From a structural perspective, this rally resembles a volatility deliberately amplified in a low-liquidity environment. The price temporarily surged to 0.45 USDT, pushing the market cap into the top hundred on CoinMarketCap. However, the trading depth did not improve simultaneously; a small amount of capital can push the price higher, creating an illusion of increased volume and market sentiment warming. Essentially, this is setting the stage for subsequent distribution. This pattern is more consistent with a trap for late longs rather than fresh capital re-entering to buy.
The technical analysis also supports a bearish outlook. The price repeatedly encounters resistance around 0.45 USDT, quickly falling back to 0.42 USDT after a brief rally. This indicates that selling pressure above remains significant. The KDJ indicator is in the overbought zone, and the MACD negative histogram continues to expand. The trend has not undergone any substantial change; the bearish structure remains intact. As long as these signals are not broken, I will not consider this rebound as a trend reversal.

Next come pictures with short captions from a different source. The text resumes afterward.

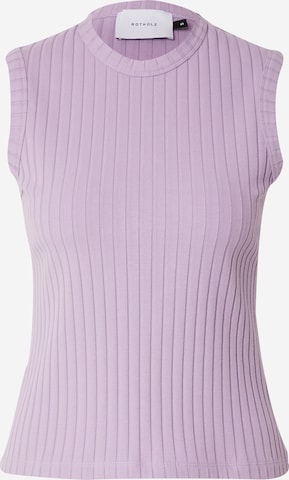 Rotholz Top in Purple: front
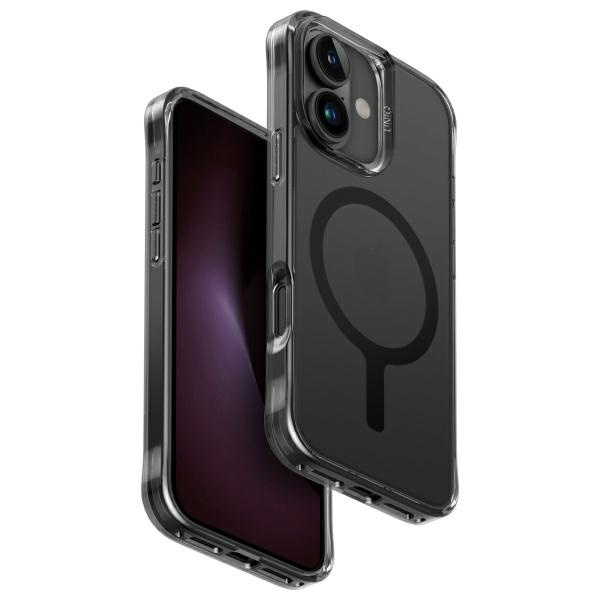 UNIQ etui LifePro Xtreme iPhone 16 6.1"  Magclick Charging czarny/frost smoke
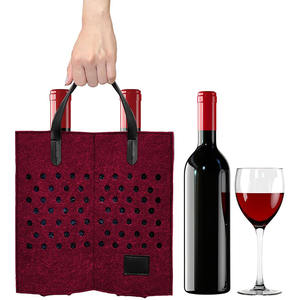 ถุงรู้สึกถึงไวน์แดง2ขวดเหมาะสำหรับเป็นของขวัญให้ถุงไวน์ - Product Image 1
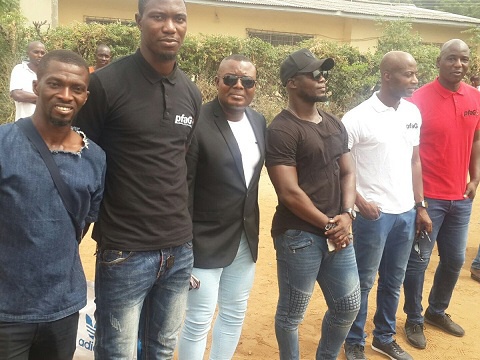 Ex-Ghana captain Stephen Appiah and some retired internationals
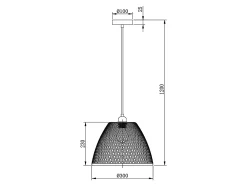 VS Venta-stock Lámpara Suspendida^Lámpara de techo Raku en Bambú, diametro 30 cm Beige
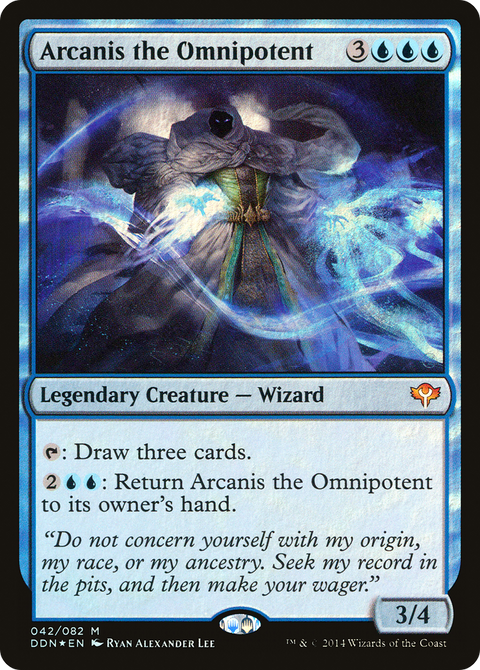 Arcanis the Omnipotent (DDN-042) - Duel Decks: Speed vs. Cunning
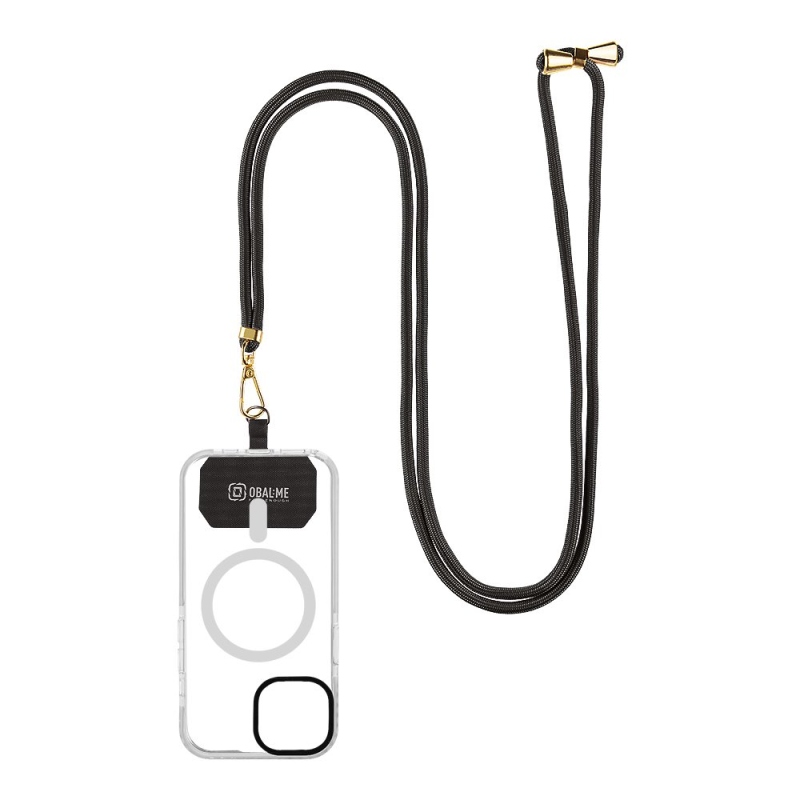 BALENIE:ME NeckTag Allure Phone Strap Black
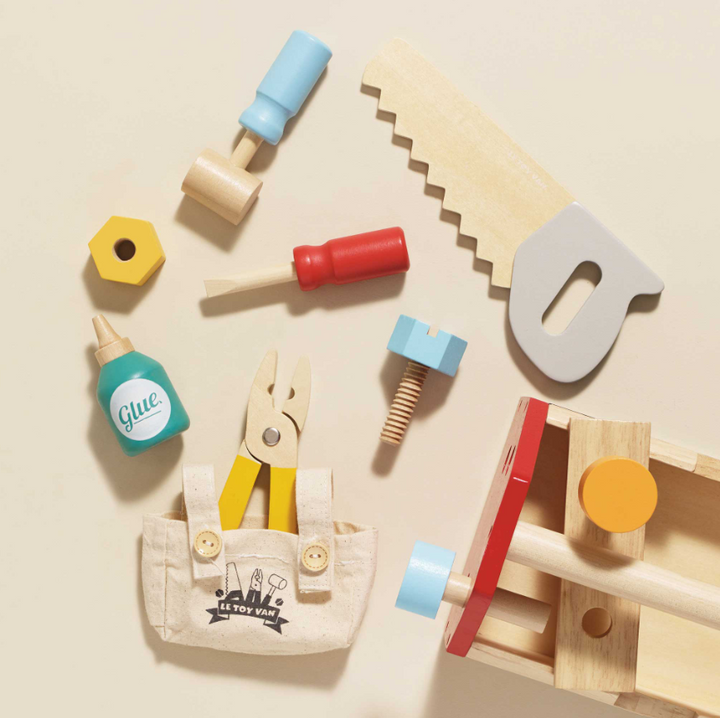 Le Toy Van Wooden Tool Box & Tools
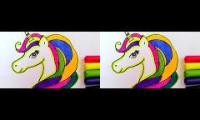 Thumbnail of Unicorn drawing with crayons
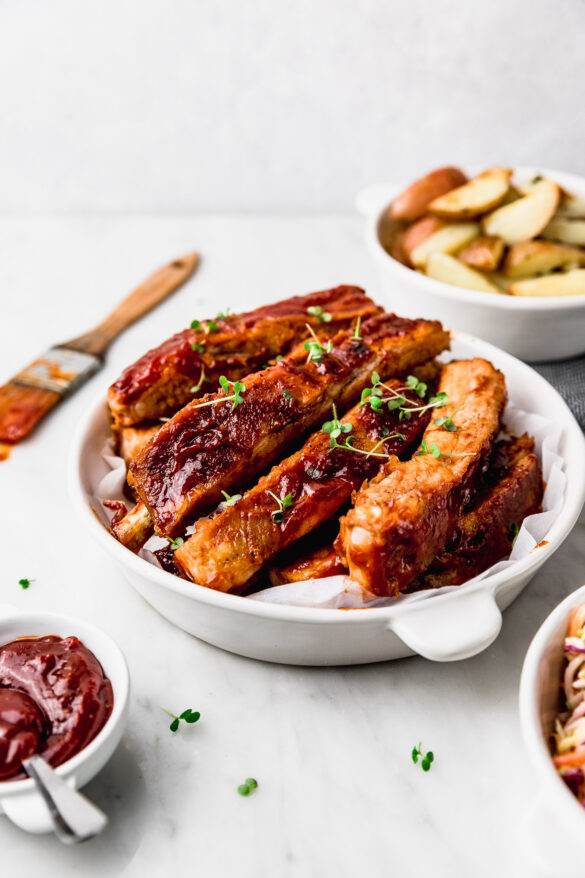 Costillas bbq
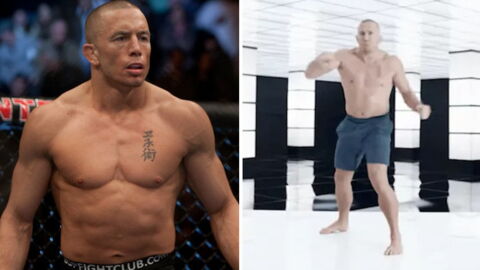 Georges St-Pierre sieht vor seinem Kampf gegen Michael Bisping etwas zu kräftig aus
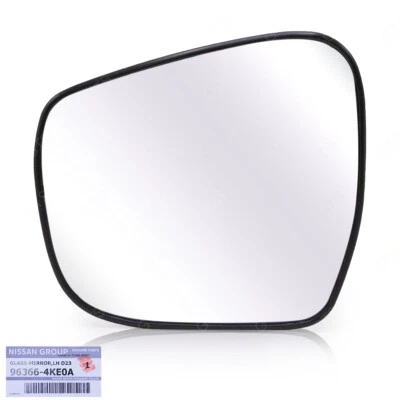 Espejo retrovisor Len de vidrio Lh para Nissan NP300 D23 cabina simple 2015 2020 Foto 1 de 4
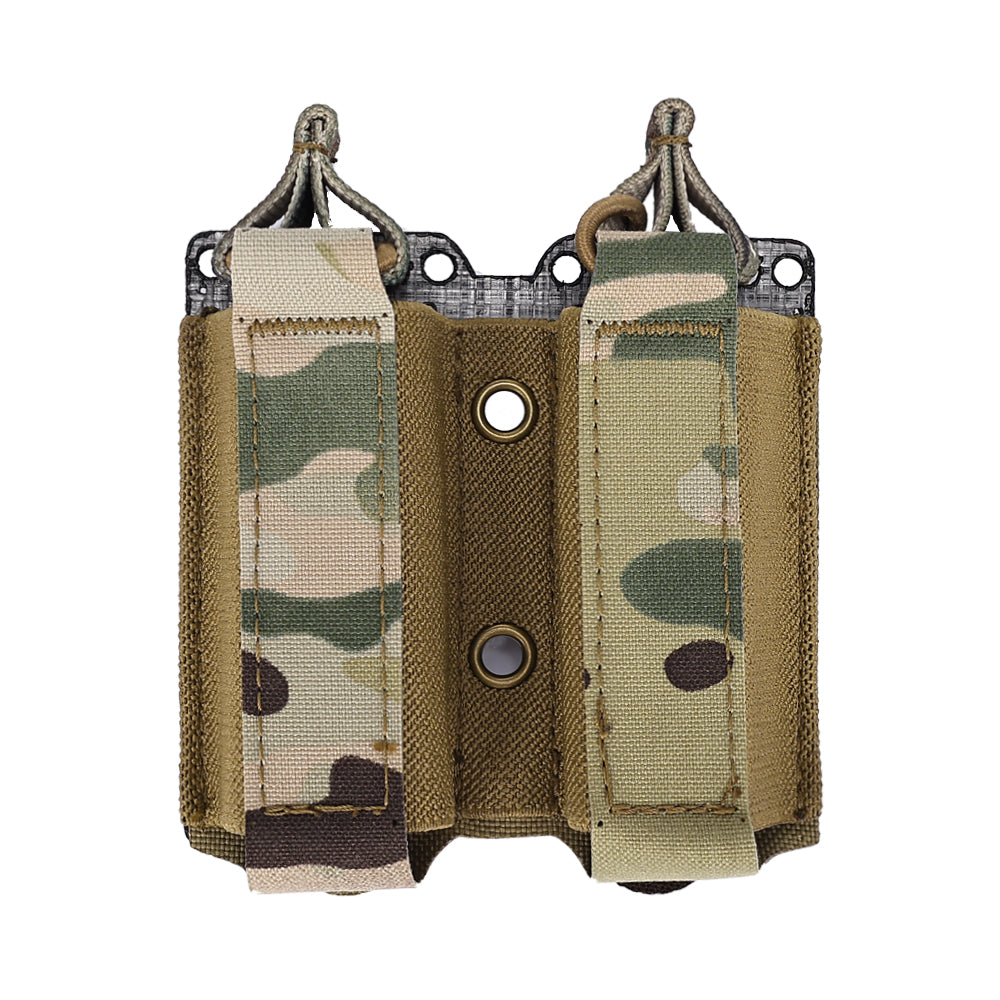 SINAIRSOFT Tactical Pistol 9mm Double Magazine Pouch Molle Tegris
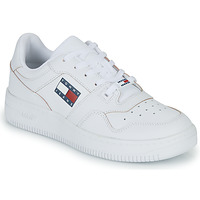 Shoes Women Low top trainers Tommy Jeans Tommy Jeans Etch Basket Wmn White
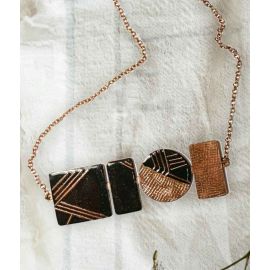 Ekibeki-Suntop Copper Enamel Necklace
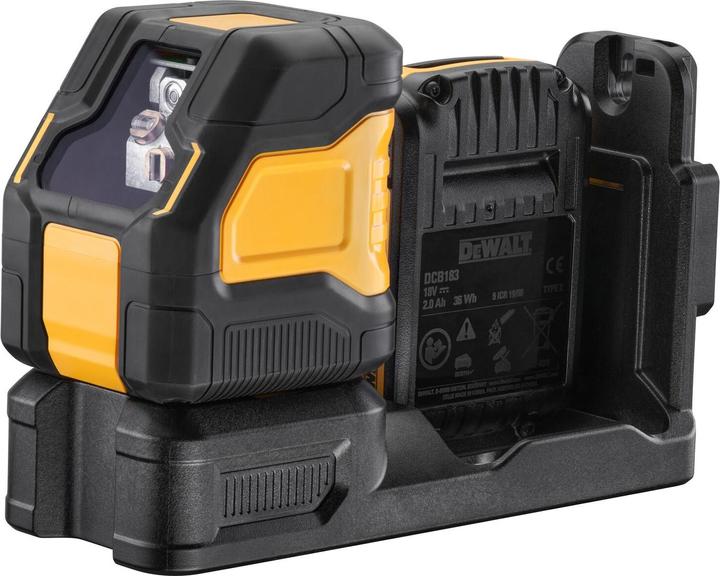 Actual product image DeWalt Nivel Láser autonivelante VERDE de líneas en cruz + 5 puntos XR 18V/12V con batería 18V LiIon 2Ah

Operationally, I clearly choose to follow the trend and short rather than chase the high. The core idea is to look for short opportunities around 0.45 USDT. If the price effectively breaks below 0.4 USDT later, it indicates a continuation of the trend, and I can add to my position accordingly.
Overall, my conclusion is to maintain a clear bearish stance on $MERL . All rebounds are more like emotional repairs rather than fundamental structural changes.
At this stage, controlling risk and following the trend to short is far more rational than betting on a reversal.